Okay. That's great. That's very helpful. And just to ask one more, if I remember correctly, you had a retirement of your senior manager in Ireland. And as I think about what I hope will be a ramp-up in manufacturing activity for you guys, how do you feel about your team and your capability on the manufacturing side? Thank you very much. Again, congratulations on a terrific quarter.

Thanks, Brooks. And that actually is an excellent and often unasked question. Behind the scenes, we have been developing our I don't want to say bench strength, but really that's what it is, behind executive team. We have really an incredible depth shot in the company here. And that's with specific intent in areas of succession planning at all levels. And so our new executive manager in Ireland has been training for this position for many years. And really, the best news is, he's jumped in without skipping a beat. And even Tom, who left the company, would agree with that as well. Tom continues to be a mentor for this person. But not a skip in the beat at all. Our Irish team is very well served with Damian Kilcommons who is over there.

Great. Thank you very much.

Our next question comes from Mike Matson with Needham & Company.

I just wanted to reconfirm something you said. The timing on SurVeil, so you're expecting to submit the P at the final part of the modules or whatever in the fourth, fiscal fourth quarter. You said you expect to receive approval by the end of calendar '21, did I hear that correctly?

Yes, yes.

And then just wanted to see what you're hearing from the clinicians that you talk to about the TRANSCEND results. We've spoken to a few cardiologists that do a lot of peripheral procedures and it seems, honestly, it's been kind of lukewarm. People seem really entrenched with the Bard and Medtronic balloons and kind of saying things like, well, unless it's really superior to the products that are out there, it's going to be tough to switch. It's going to be tough for me to go to the VAC Committee to really kind of lobby to get this thing into the hospital, etc. So just curious what you're hearing there, how you think the product will be kind of marketed to address those issues.

Sure. Sure. First of all, that is completely unsurprising to us. And that is the power of having strategic partners such as Abbott, who clearly to be a best-in-class in terms of clinical marketing where we have. So that has not even started yet. So normally, the what I call clinical inertia is there. And Mike, there's always a gap between knowledge and practice in medicine. And so until we start the education informing of these physicians, and it's a fairly straightforward marketing issue. The other thing, I would say it would be more difficult for Surmodics alone to do that. But with our partner Abbott, you're selling at all levels. You're doing selling at the group contract level, at the IDN level, at the C-suite, at the physician level, and at the value analysis committees. And so we don't foresee the expected inertia as an issue whatsoever. It's just the wall you lean against. And I can predict that our partner Abbott is ready for that conversation.
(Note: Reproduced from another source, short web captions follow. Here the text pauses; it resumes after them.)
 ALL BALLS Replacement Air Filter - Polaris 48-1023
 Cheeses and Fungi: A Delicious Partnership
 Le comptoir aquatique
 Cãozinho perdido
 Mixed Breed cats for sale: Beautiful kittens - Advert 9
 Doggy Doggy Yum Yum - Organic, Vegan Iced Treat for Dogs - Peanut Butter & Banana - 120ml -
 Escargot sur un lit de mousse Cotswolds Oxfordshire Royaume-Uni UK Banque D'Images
And then just on the SWING trial for Sundance, so what is the end point of that trial? I know it's a first in human. And then what do you need to see there to progress to the pivotal trial?
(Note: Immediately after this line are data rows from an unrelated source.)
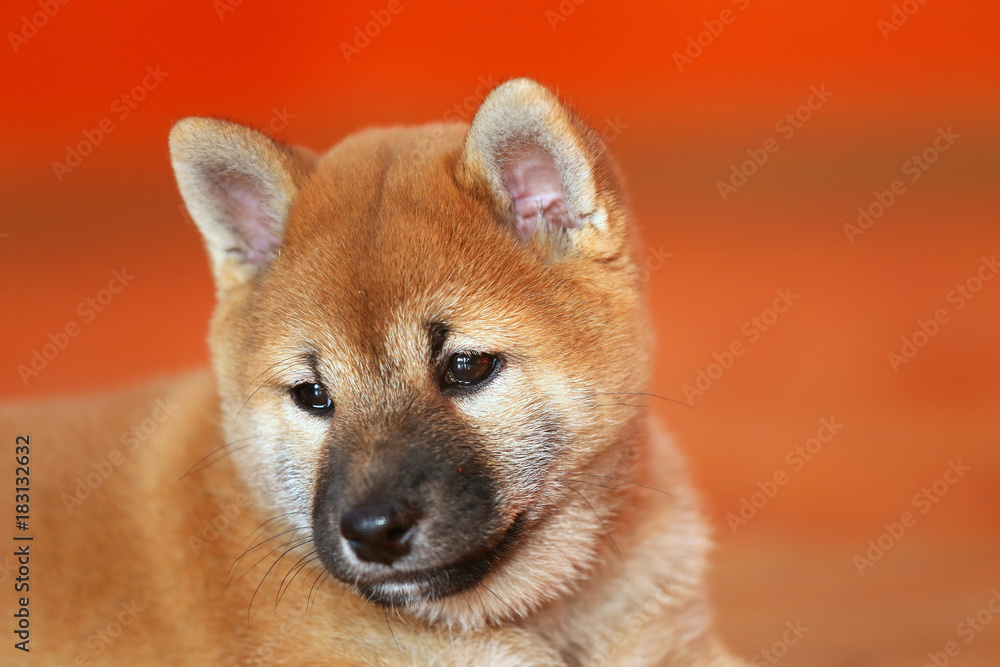 Tired few weeks old pup in the photo studio Tired few weeks old pup in the photo studio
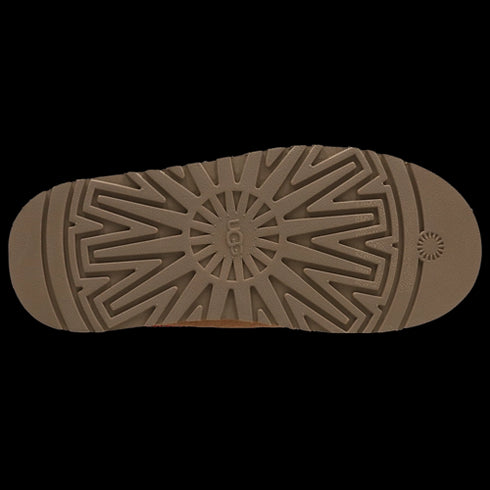 UGG Tazz II Châtaigne Femme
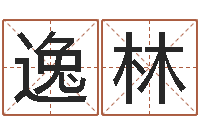 孙逸林袁天罡算命-周易研究会算命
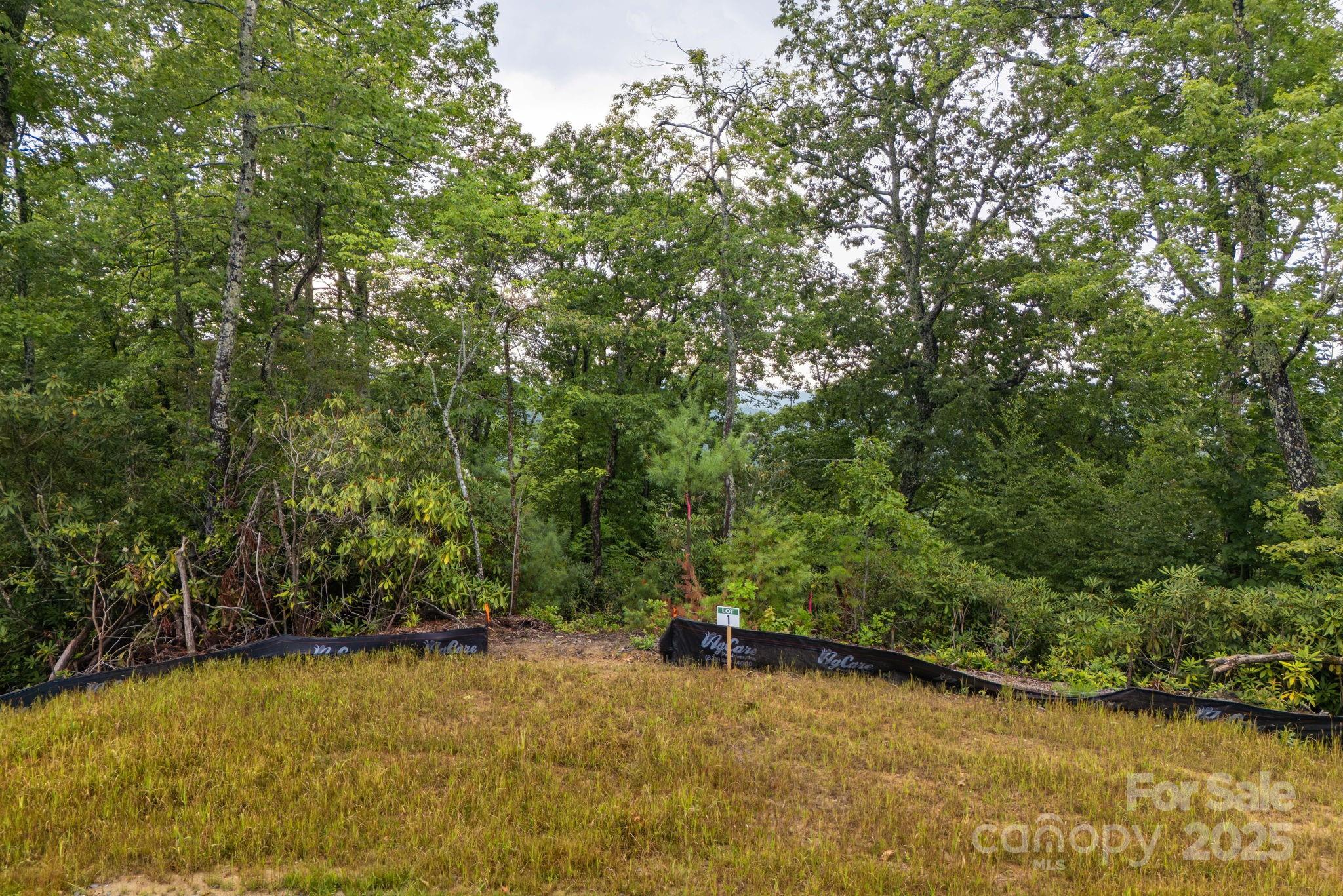 Lot # 1 Masterpiece View Drive Hendersonville NC 28739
Right. Well, it really -- as these first in human trials go, it's a safety study. We're looking for 30-day follow-up and making sure even at the 6 months how are these patients. Doing, as you know, it's critical in threatening ischemia. And so there's so many co-morbidities with these patients. And the other thing we are looking for is, and this is more on a secondary basis, is the patency of the vessel. And we're actually doing an additional step where we're actually doing a follow-up angiogram so that we can look at late lumen loss of the tibial artery itself. And what that gives us is duplex is really a binary thing, open or close of the TFVR, the velocity ratio is less than 2.5 or whatever we set. But with late lumen loss, we can actually measure the vessel and we can look for the actual size of the vessel compared to the reference diameter prior to treatment. And the nice thing about that is, even with a subset of 35 patients, it's a continuous variable, it's an actual number with decimal points behind it versus a binary variable. And so it gives us much better statistical confidence with those. But again, it really is a safety study with what we call a nice indication of efficacy. And that indication allows you to make some assumptions of the effect size of the device, the power of future pivotal. So in TRANSCEND, as you recall, we only have 13 patients. So the 35 patients there, we're really looking forward to.
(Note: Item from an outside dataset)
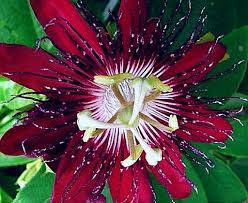 Amazon Com Emeralds Passiflora Lady Margaret Purple Passion Flower Vine Live Plant 4 Inch Pot Patio Lawn Garden Flowering Vines Passion Flower Passiflora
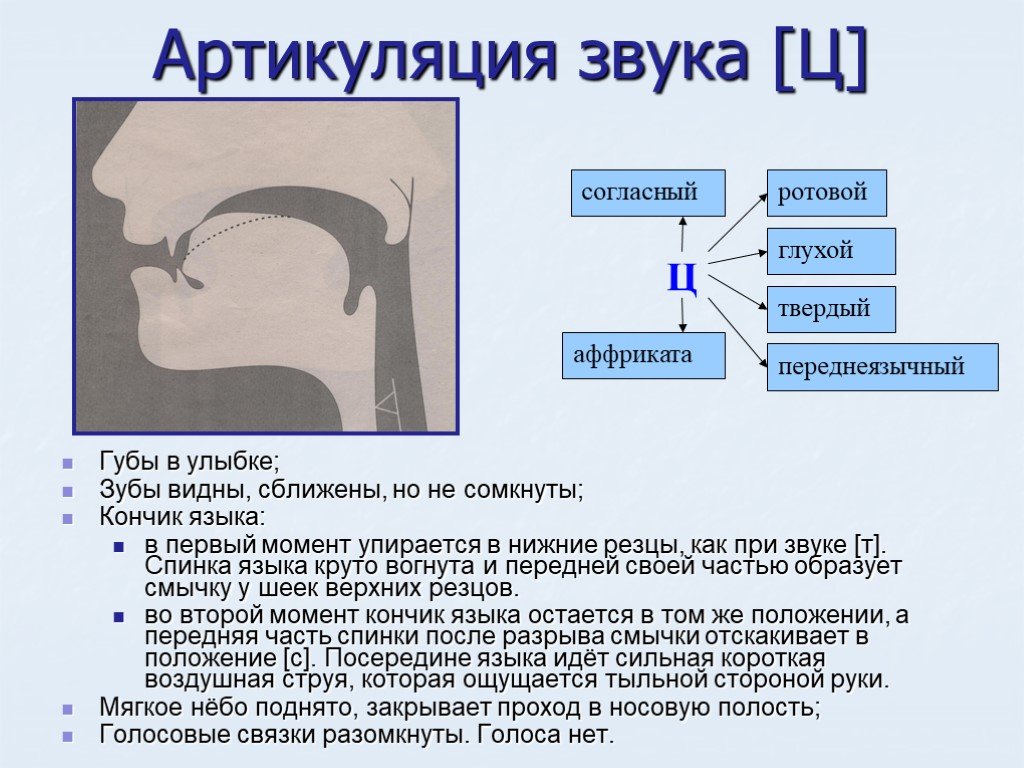 Картинка артикуляция звука с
That's helpful. And then just on Pounce, when would you expect to start working on additional indications for that product? Would you start that before you get a distribution deal in place for the arterial indication? Or would you wait until you get to that point, start to generate some sales from the product?

Right. In the modern era, it's like app updates on your iPhone. Version 1.5 is already in development. Version 2 is already in development. So we take a very parallel approach to this. And in fact, what we're prepared for was any feedback we received on Version 1, is going to be clouded to 1.5 and then Version 2. And the reason we use those, that nomenclature is, what will require re-regulatory filing. And so we -- if there's a lot of regulatory, if the regulatory requirements are filed, we might bundle that in a Version 2. So that's ongoing right now. And Mike, I just wanted to make sure, just on the FDA PMA, the fine print there, as you know well, is we're targeting and expect to get it by the end of the fiscal year. But as of anything regulatory, and especially PMAs, a lot of that is in the hands of how the data review proceeds with the FDA. Just to add that note.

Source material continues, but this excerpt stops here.